人才是第一资源,高质量的涉外法治建设迫切需要高素质的涉外法治人才。在全球化背景下,中华民族伟大复兴的战略全局和百年未有之大变局构成了高校涉外法治人才培养的重要背景。当前,国际环境日益复杂,不稳定性和不确定性显著增加,中国积极参与、推动并引领全球治理变革与建设,亟须一批立场坚定、专业精湛、熟悉国际规则、精通实务操作的涉外法治人才。
一、涉外法治人才培养的演进
截至2023年,中国大学本科专业共有792个,其中开设院校数量在500所以上的专业共有20个,法学专业亦在其列。国内法学院及法律系的数量从2001年的不足300所,发展到如今超过600所高校开设法学专业,这一显著增长主要得益于国家对法治人才的迫切需求。关于涉外法治人才培养的具体目标和标准,国内学者仍在进行广泛而深入的讨论。

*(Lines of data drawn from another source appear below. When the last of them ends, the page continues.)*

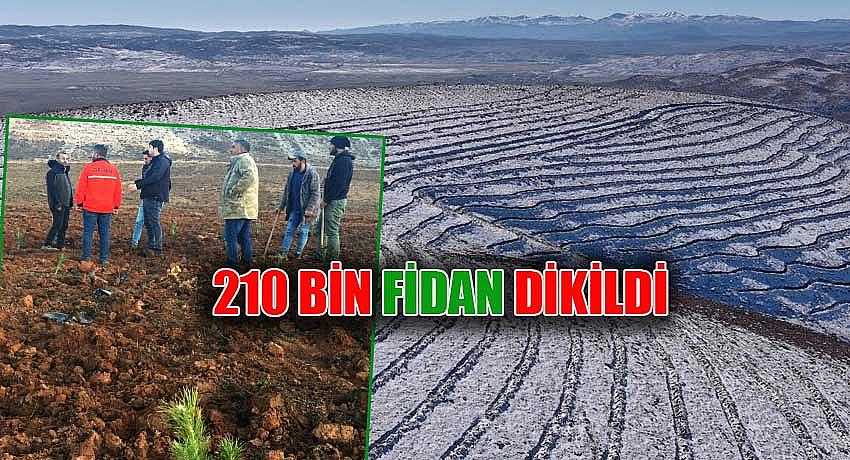 210 BİN FİDAN DİKİLDİ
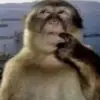 nathannicholson5 - @nathan.nicholson0 - TikTok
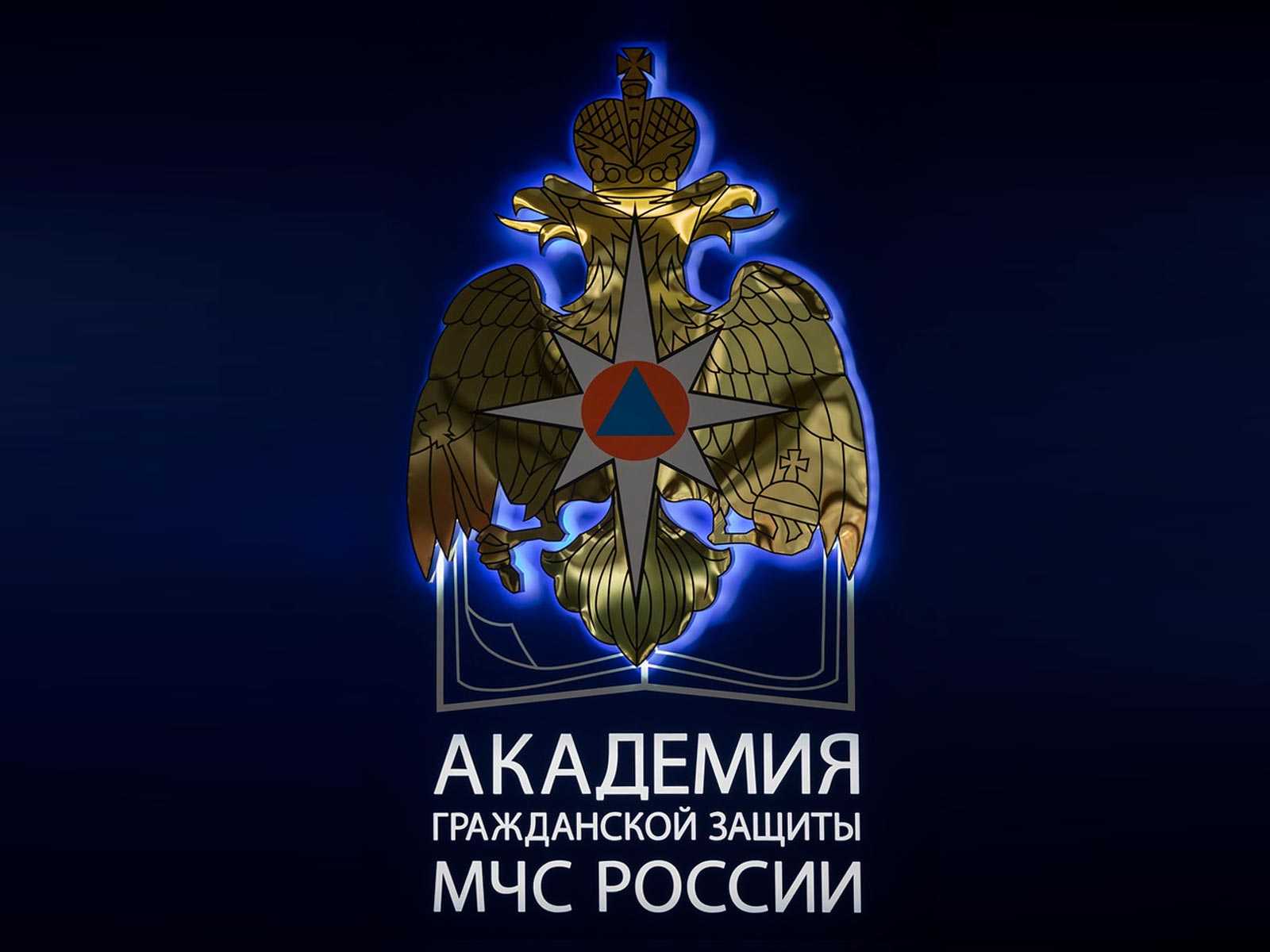 Реферат мчс - структура мчс россии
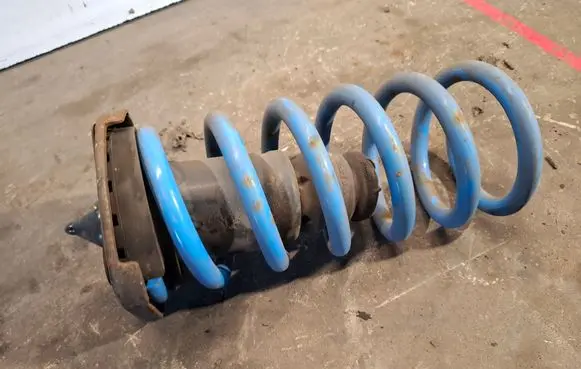 Rear coil spring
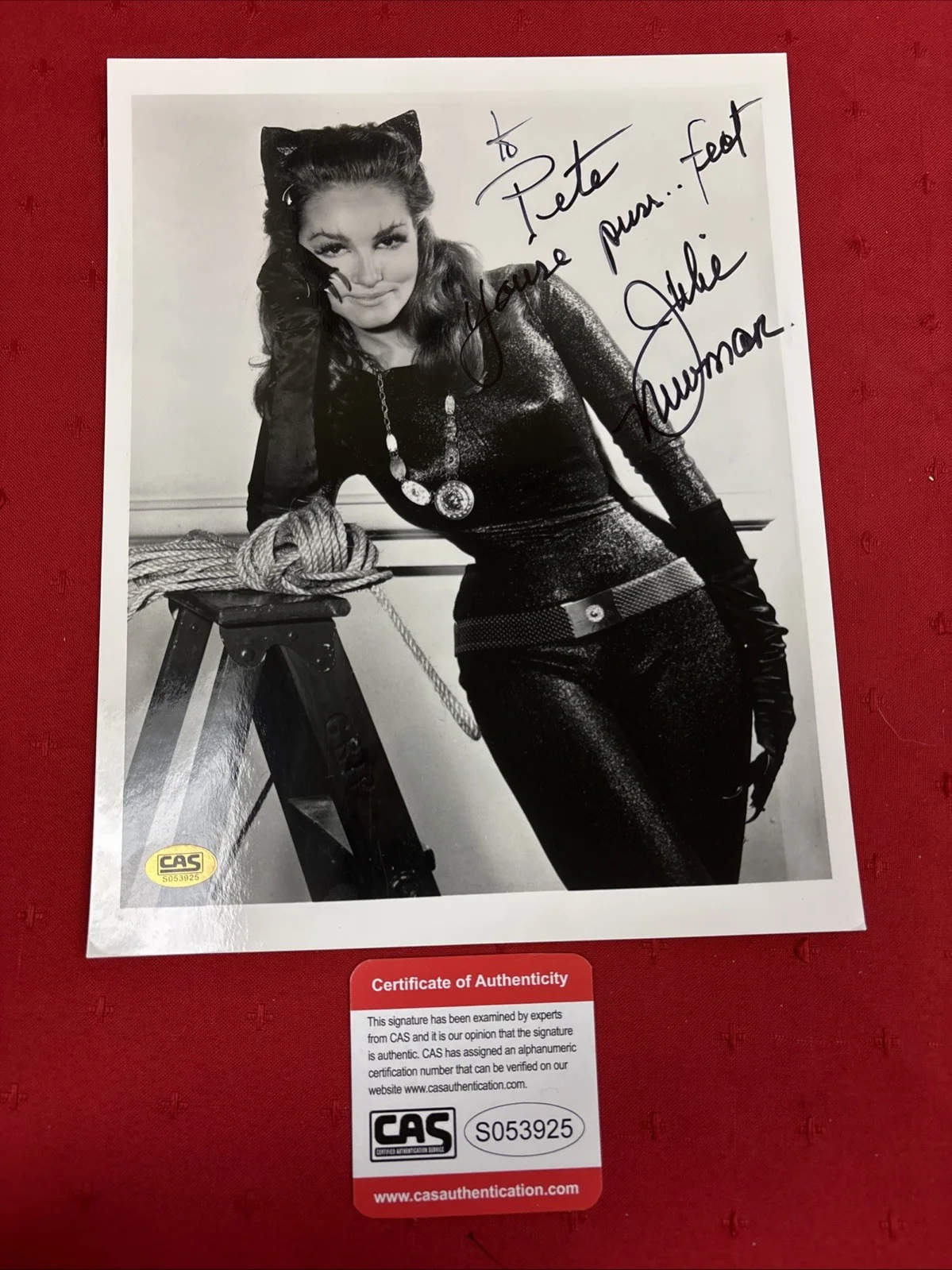 JULIE NEWMAR — Julie Newmar (Cat Woman) Purr…fect Signed 8x10 Photo (CAS Authenticated)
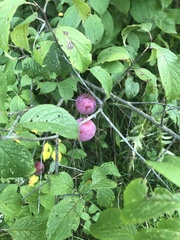 Prunus americana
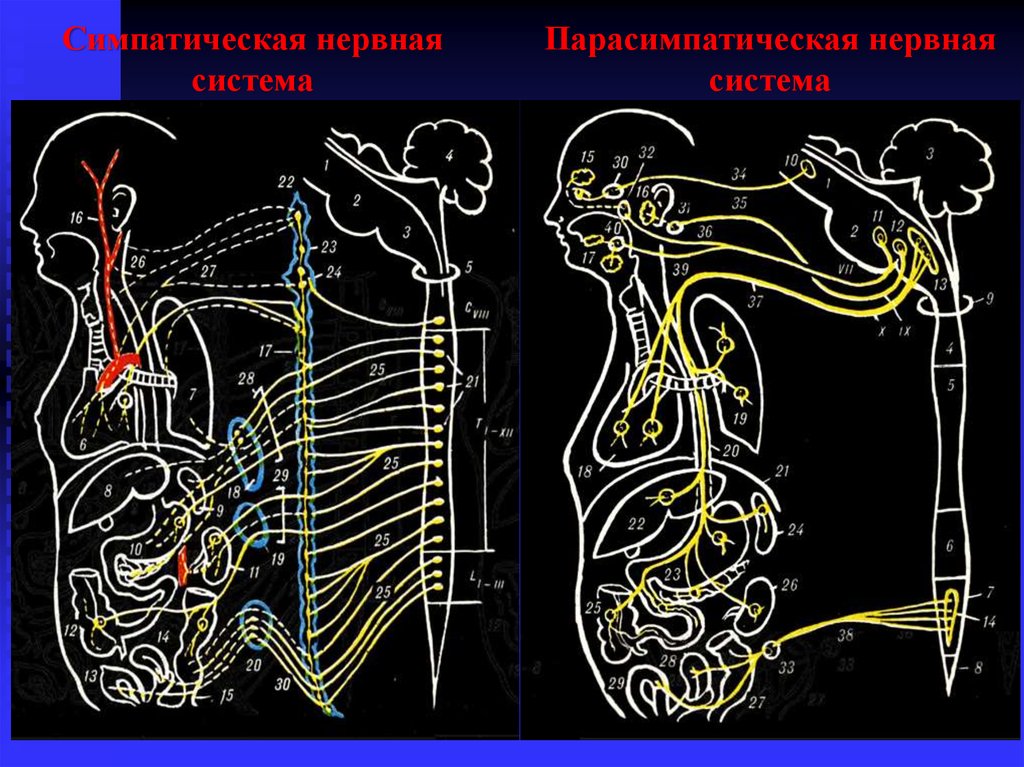 Эстезиология. Симпатическая нервная система. Симпатическая и парасимпатическая. Парасимпатическая нервная система лошади. Кровеносная система симпатическая и парасимпатическая.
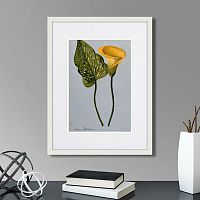 картина: yellow arum lily, 1899г. в Санкт-Петербурге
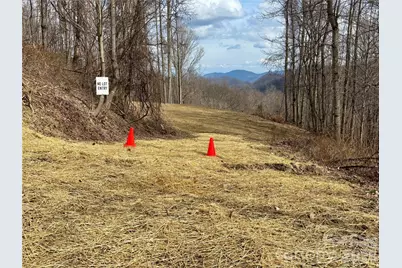 (Ne Lot) Meadow Fork Road, Hot Springs, NC 28743 - Photo 4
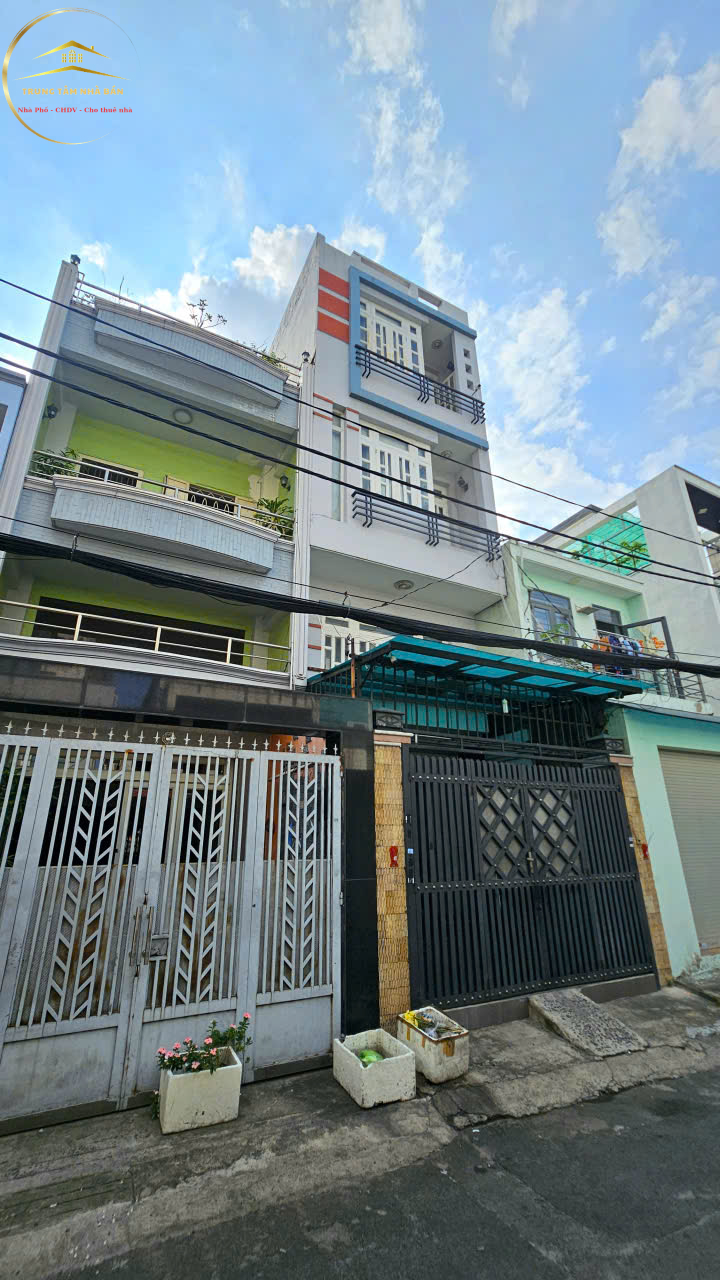 trinhdinhtrong (9)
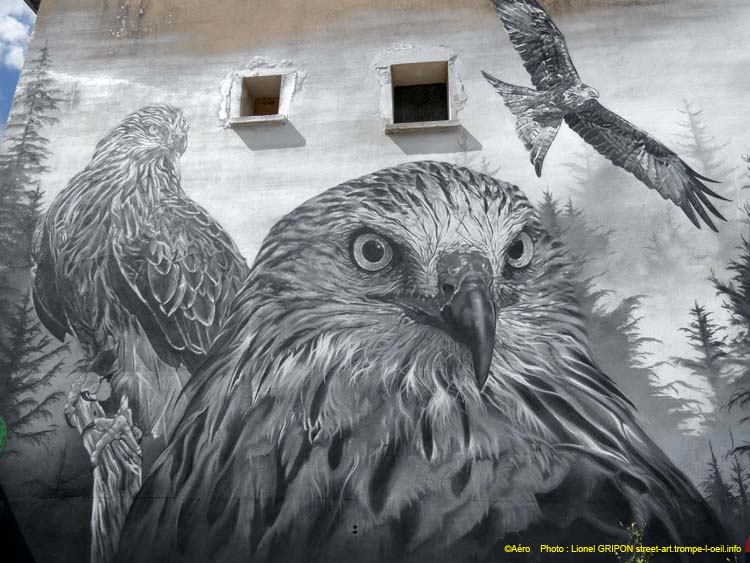Les aigles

《教育部中央政法委员会关于实施卓越法律人才教育培养计划的若干意见》是高校涉外法治人才培养1.0版本的主要指导文件。根据2012年卓越法律人才教育培养基地申报要求,经中央部委属高校直接申报、省级教育行政部门推荐申报,教育部和中央政法委组织专家进行通讯评审和会议评审,并经网上公示,最终确定并公布了首批22个涉外法律人才教育培养基地:北京大学、北京师范大学、北京外国语大学、对外经济贸易大学、华东政法大学、复旦大学、吉林大学、南京大学、清华大学、山东大学、上海交通大学、西安交通大学、西北政法大学、西南政法大学、厦门大学、外交学院、武汉大学、浙江大学、中国人民大学、中国政法大学、中南财经政法大学和中央财经大学。在此期间,国内高校,尤其是“五院四系”等重点法学院校,在政策文件的指引下,依据自身条件,积极开展涉外法治人才培养的尝试与创新。
二、涉外法治人才培养的不同模式
(一)实验班特色班模式。该模式包括首批22个涉外法律人才教育培养基地在内的多所国内法学院及法律系均开设了特色试验班或实验班。这些班级对标西南政法大学卓越涉外法治人才培养实验班的外语、实务、涉外和创新“四大元素”,“五院四系”及其他国内院校也根据自身特点进行了理解和创新。对于一些规模较小的综合性大学法学院,开设特色试验班/实验班是从涉外法治人才培养1.0时期延续到2.0时期的做法,并取得了显著成效。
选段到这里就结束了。